A really long post about the supermarket. 

It’s almost midnight here, what a day!  Our internet access has been inconsistent because we haven’t arranged for internet service yet, but you can pay a few pounds for temporary internet access through local hot spots. I’m not exactly sure how it works but I begged Richard to get me connected to the world again! 

I have spent the last two days assembling furniture.  My knees are sore and my back aches and my forearms are weary.  But little by little our house is starting to feel comfortable.  It won’t really feel complete until all our belongings from the states get here.  (Probably in a couple weeks still.)  As a side note, when people ask where I am from I always say “The states.” And they look at me confused.  So I say “America” and they nod and say “Ohh. Okay.”  But I was once told that South Americans and Canadians resent it when Americans from the USA monopolize the term “American”.  But maybe that’s all hogwash.   (Side note to the side note- I’m sorry if my punctuation is bad tonight, or always.) 

Tonight I did two brave things.  I drove for the first time! And I went to grocery shopping and bought more than ten items for the first time.  It happened like this. 

The supermarket I went to is less than a mile from our house, and I would normally walk but it turns out when you move into a house with nothing there is a lot to buy.  Let’s face it, the Ramen-ish noodles from the Indian market could only go so far… I didn’t want to send Richard because I wanted to get what I wanted to get, and he couldn’t be trusted.  (Sorry babe, love ya.)  And because today was his first day of work, which meant my first day alone with the kids cooped up in this house with no toys and no t.v. all. day. long.  All of that to say that I was forced to drive.  

Aside from trying to get into the car on the left side (something I laughed at Richard for doing) and not knowing how to turn it on, the drive to the store went quite smoothly.  I need to write an entire post about the car but I’ll save that for later.  
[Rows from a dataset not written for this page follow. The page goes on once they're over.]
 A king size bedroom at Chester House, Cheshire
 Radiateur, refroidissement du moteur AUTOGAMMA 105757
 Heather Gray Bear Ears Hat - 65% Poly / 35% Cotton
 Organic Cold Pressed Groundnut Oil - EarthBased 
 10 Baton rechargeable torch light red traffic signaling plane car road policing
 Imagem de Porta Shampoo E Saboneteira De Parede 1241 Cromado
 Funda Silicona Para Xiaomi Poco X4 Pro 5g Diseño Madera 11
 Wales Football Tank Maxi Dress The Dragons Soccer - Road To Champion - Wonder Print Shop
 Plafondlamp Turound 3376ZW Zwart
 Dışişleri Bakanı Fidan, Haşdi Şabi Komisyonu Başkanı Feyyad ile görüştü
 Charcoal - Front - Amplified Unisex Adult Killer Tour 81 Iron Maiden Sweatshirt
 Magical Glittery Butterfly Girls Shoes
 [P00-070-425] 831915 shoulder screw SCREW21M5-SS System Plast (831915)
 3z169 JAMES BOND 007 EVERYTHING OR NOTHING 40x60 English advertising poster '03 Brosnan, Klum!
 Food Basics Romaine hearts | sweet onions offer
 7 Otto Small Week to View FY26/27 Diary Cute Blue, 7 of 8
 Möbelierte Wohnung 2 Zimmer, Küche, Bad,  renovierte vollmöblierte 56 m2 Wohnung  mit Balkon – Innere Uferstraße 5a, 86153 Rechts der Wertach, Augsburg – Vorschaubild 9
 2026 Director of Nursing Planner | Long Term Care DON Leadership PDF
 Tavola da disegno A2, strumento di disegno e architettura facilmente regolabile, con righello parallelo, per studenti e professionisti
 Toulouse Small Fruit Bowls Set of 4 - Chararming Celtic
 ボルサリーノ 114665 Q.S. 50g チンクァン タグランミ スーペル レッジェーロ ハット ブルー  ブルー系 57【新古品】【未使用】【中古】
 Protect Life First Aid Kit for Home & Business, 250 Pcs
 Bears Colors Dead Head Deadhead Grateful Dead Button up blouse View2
We had discovered at a previous supermarket that you need to deposit a £1 coin to use a “trolley” (cart) but I wasn’t exactly sure how it worked and I didn’t have the right coin anyway so I went inside to inquire at customer service. (I’ve determined that to be successful here I need to be assertive and ask questions.)  The kind gentleman explained how to use it and offered to come out and assist me but I said I thought I could figure it out.  But apparently I couldn’t.  I put my coin in and removed the lock and pulled and pulled on the trolley.  I was about to go back in to find the kind gentleman, when a woman came to retrieve a trolley next to me.   I asked for her help and she gave my trolley a good hard tug and of course it came right out and I felt very embarrassed.  
The first half of my trip through the supermarket was so lovely.  I was having such a nice time (as moms often do) perusing the aisles in peace and quiet, AND I was seeing and selecting new things at every turn.   It was quite pleasant.  Until my trolley got full.  The carts here are much smaller than the carts in the U.S.  (Nearly everything is smaller here.)  All of the sudden I became extremely self-conscious about how much STUFF was in my cart and I felt very American.   My hypersensitivity increased as I went down the meat/poultry aisle and nothing resembled anything I’ve ever bought before in my life.  
You call THIS bacon? Wha?
By the time I made my way to the checkout line I was feeling very insecure.  Without even waiting for the person in front of me in line to finish her business I started explaining myself 
“I’ve just moved here and I have a large family and we have had nothing in our house and there are all these things I’ve discovered we needed and I have four kids and they love fruit and and and…”
The cashier was an older black man, missing quite a few teeth but he was so kind and gentle with me.  He just chatted me through it all, gave me some tips about shopping and asked me all about my kids.  (Best way to a mother’s heart!) Once everything was bagged and I was on my way, I was feeling relieved and brave again.   I loaded my groceries in the very small “boot” (trunk) of the car and went to return my trolley.  The coin is supposed to come back out after you lock up the trolley again but I couldn’t manage it so I left it behind for the next chap.  
The drive home did not go so well.  I needed to make a left turn but forgot that I was going to be turning into the left lane and didn’t give myself enough space so I missed the turn entirely.  Which meant I had to go through a roundabout which had me moderately stressed out for three seconds and then I was fine until I pulled up in front of our house and called Richard and asked him to come outside and park the car.  
And that is my really long post about going to the supermarket.  

3 thoughts on “A really long post about the supermarket. 

  1. Can I please ask that you continue blogging this often and with all the details for the next two years. I love reading your posts and hearing about your adventures and otherwise. Good quality reading material!


  2. Oh I loved this. I just can relate so well (I mean, well enough, obviously I’m missing two kids and am still in America!) but if all things were equal, I can imagine I would just have the same experience, same feelings and definitely same call at the end to have Bryan park the car!! Way to go!